Image-text web data
+++++

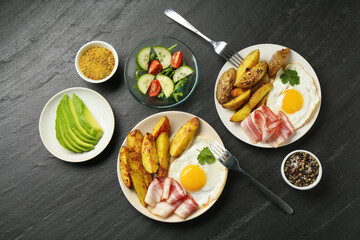 Flat lay composition with tasty brunch served on dark textured table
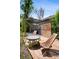Cozy backyard patio with a wooden pergola and privacy screen, creating a private and relaxing space at 1456 Syracuse St, Denver, CO 80220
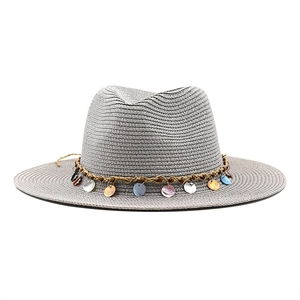 Detail of grey fedora straw hat featuring colorful shell pendants on a brown woven band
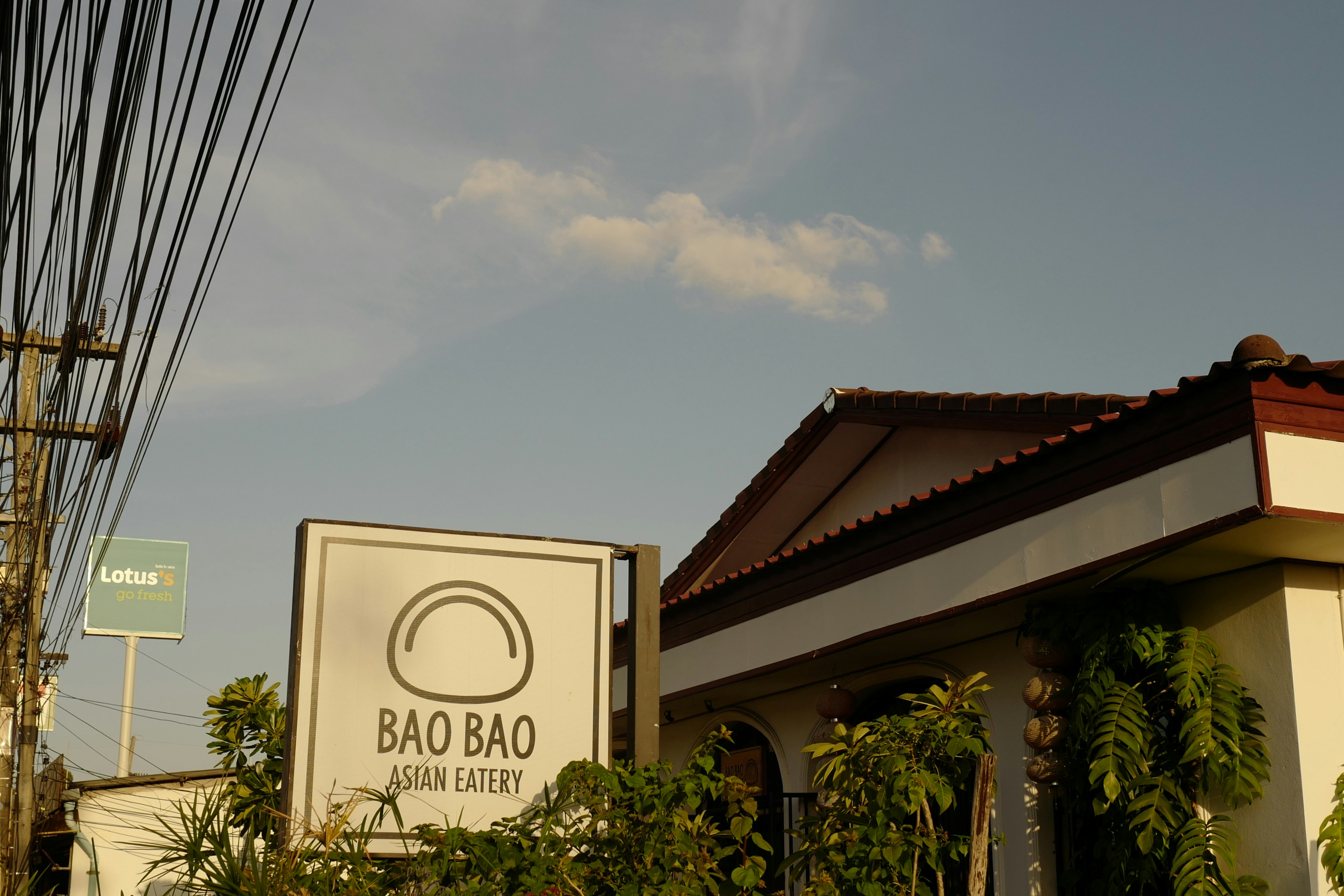 a building with a sign that says bao bao above it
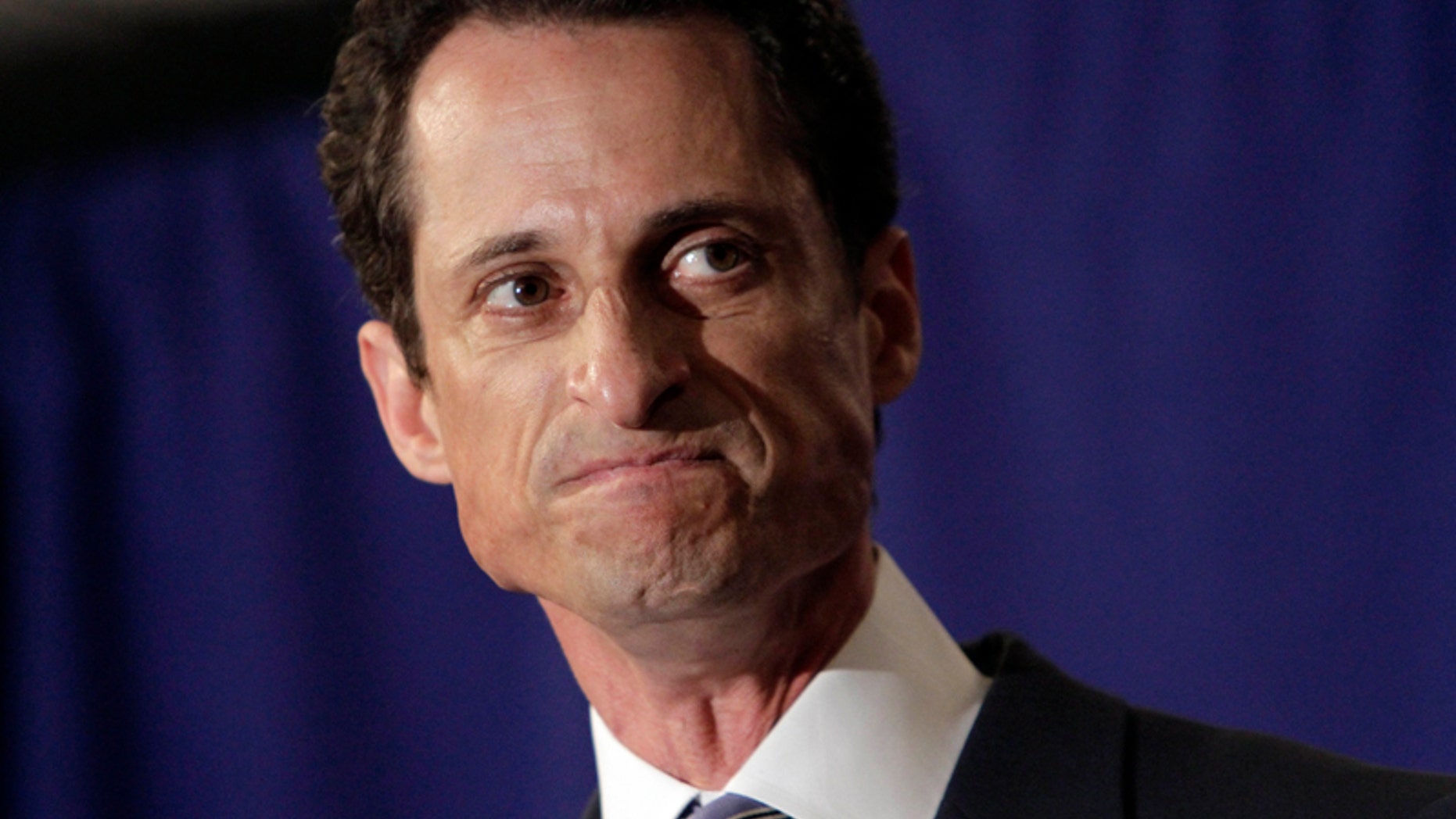 U.S. Rep. Anthony Weiner, D-N.Y., reacts during a news conference in New York, Monday, June 6, 2011. After days of denials, a choked-up New York Democratic Rep. Anthony Weiner confessed Monday that he tweeted a bulging-underpants photo of himself to a young woman and admitted to "inappropriate" exchanges with six women before and after getting married.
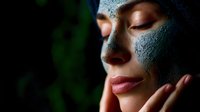 Young woman with clay face mask enjoying spa treatment against dark background with green plant elements. Wellness and skincare concept.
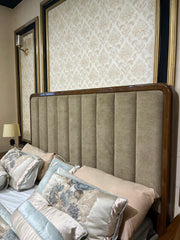 Luxury Brass-Framed Bed with Curved Modern Design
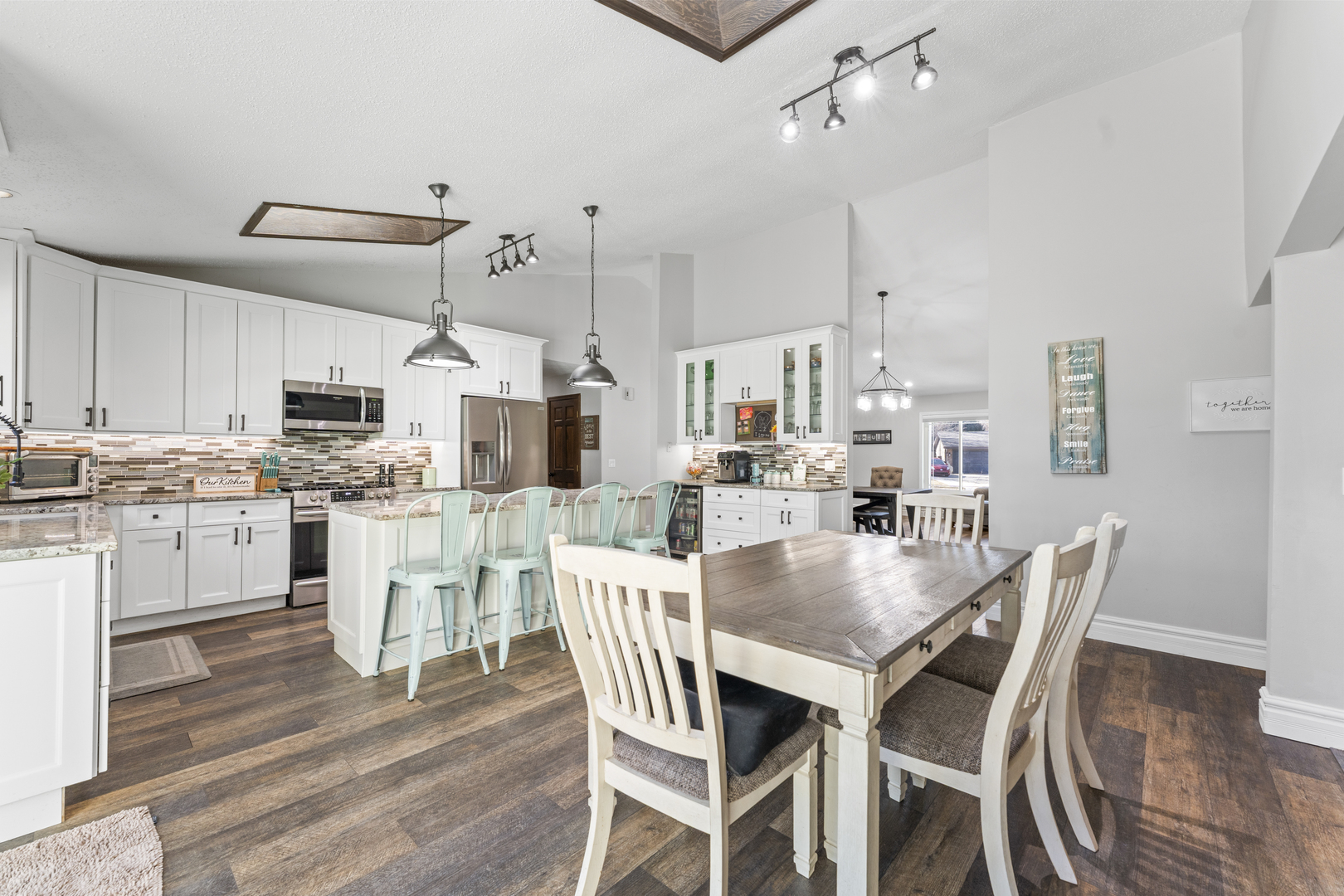 619 West End Road Roselle, IL 60172 - Photo 15 of 37 a kitchen with stainless steel appliances kitchen island granite countertop a dining table chairs and white cabinets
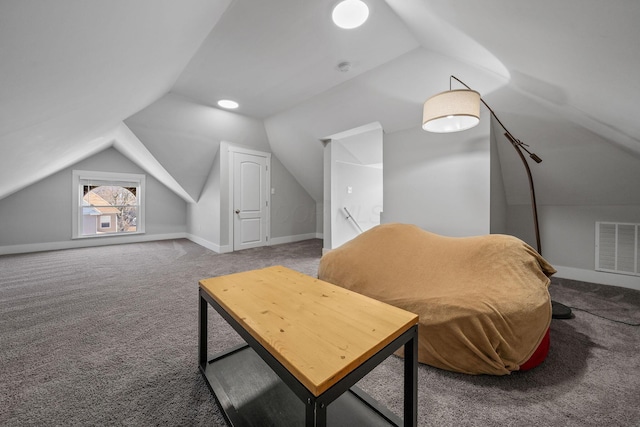 sitting room with visible vents, carpet flooring, baseboards, and vaulted ceiling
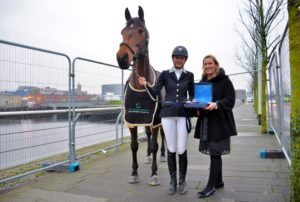 Elaine Hatton (International Marketing Director, Horse Sport Ireland) congratulates Aisling Byrne & Wellview Classic Dream - winners of the Irish Horse Gateway Am. GP at the Equestrian.com Liverpool International Horse Show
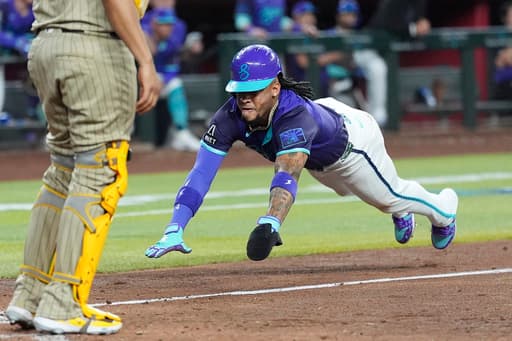 Carroll, Naylor homers send Diamondbacks past Padres 5-1 and over the .500 mark at 35-34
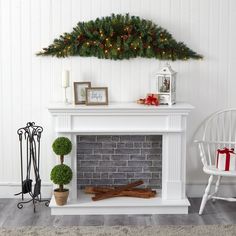 a living room with a fireplace decorated for christmas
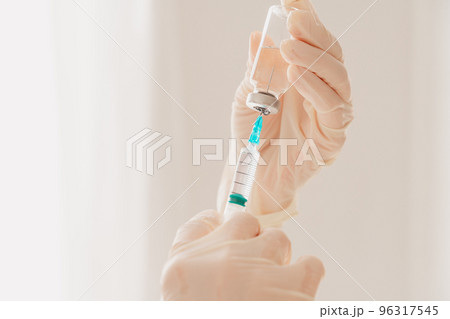 Doctor with syringe is ready to administer the vaccine against covid-19 Doctor with syringe is ready to administer the vaccine against covid-19 96317545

+++++

— The task —
Transcribe all of the records above exactly; no image should appear in what you write.

— Answer box —
 Flat lay composition with tasty brunch served on dark textured table
Cozy backyard patio with a wooden pergola and privacy screen, creating a private and relaxing space at 1456 Syracuse St, Denver, CO 80220
 Detail of grey fedora straw hat featuring colorful shell pendants on a brown woven band
 a building with a sign that says bao bao above it
 U.S. Rep. Anthony Weiner, D-N.Y., reacts during a news conference in New York, Monday, June 6, 2011. After days of denials, a choked-up New York Democratic Rep. Anthony Weiner confessed Monday that he tweeted a bulging-underpants photo of himself to a young woman and admitted to "inappropriate" exchanges with six women before and after getting married.
 Young woman with clay face mask enjoying spa treatment against dark background with green plant elements. Wellness and skincare concept.
 Luxury Brass-Framed Bed with Curved Modern Design
 619 West End Road Roselle, IL 60172 - Photo 15 of 37 a kitchen with stainless steel appliances kitchen island granite countertop a dining table chairs and white cabinets
 sitting room with visible vents, carpet flooring, baseboards, and vaulted ceiling
 Elaine Hatton (International Marketing Director, Horse Sport Ireland) congratulates Aisling Byrne & Wellview Classic Dream - winners of the Irish Horse Gateway Am. GP at the Equestrian.com Liverpool International Horse Show
 Carroll, Naylor homers send Diamondbacks past Padres 5-1 and over the .500 mark at 35-34
 a living room with a fireplace decorated for christmas
 Doctor with syringe is ready to administer the vaccine against covid-19 Doctor with syringe is ready to administer the vaccine against covid-19 96317545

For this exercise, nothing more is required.